When she was growing up in Binghamton, N.Y., in the 1950s, her father and uncle bought some beekeeping equipment for $20.
“We got enough honey to take care of three families,” she remembers. “And when I turned 7 my father said, ‘You’re old enough to help now.’ It was a family process to harvest the honey.”
In 2009, Palilonis bought a home off Lindell Boulevard in Delray Beach and found bees had invaded the garage wall. An extractor from the PBC Beekeepers Association who removed the hive encouraged Palilonis to renew her childhood friendship with bees.
Today, she keeps three hives, three smaller “starter hives” and volunteers as a mentor with the association.
“It’s work,” she says, sweating behind her hood, veil and long-sleeved coat. “But I enjoy the social element, interacting with other beekeepers and introducing people to it.”
Her hives yield about 20 pounds per hive a year, which she harvests through a strainer placed atop a 5-gallon bucket.

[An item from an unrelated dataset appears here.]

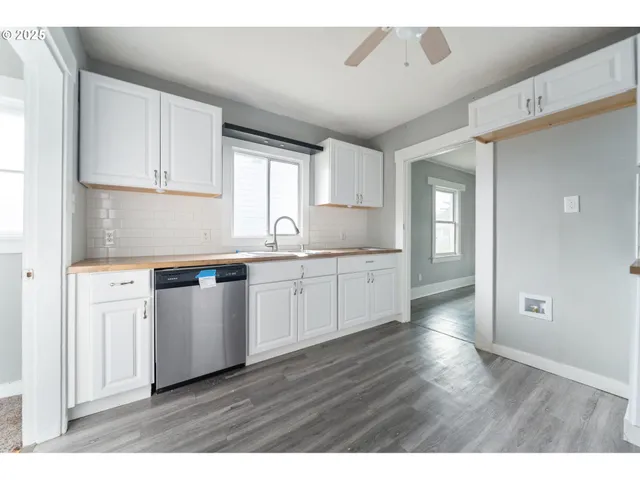 a kitchen with stainless steel appliances granite countertop a sink a stove and cabinets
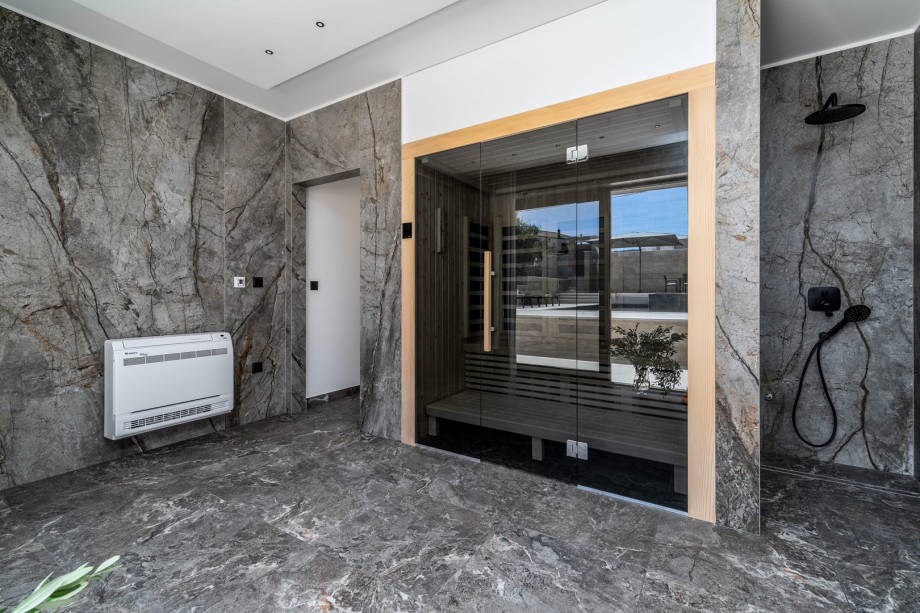 Finnish Sauna room with a shower and glass doors toward the pool area, a very pleasant 15 sqm room for your absolute relaxation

The honey drips from the frame to the bucket, and she stores the remaining wax in her freezer, to be melted down someday.
“I’ve bought a candle mold,” she says.
She’d like more hives — a few more, anyway — but hesitates to name a number.
“I’d have to think about that,” she says.
It’s not for fear her neighbors might complain.
“I give my neighbors honey,” she says.
• • •
The first time Colleen Paul-Hus and her children harvested the hive, they came away with about 3 pounds of honey, which gave them seven Mason jars full and a huge sense of sweet satisfaction.
“It’s like getting your first egg from a chicken,” she says.
And that’s why people want to keep bees.
The stinger stings. But the honey’s sweet.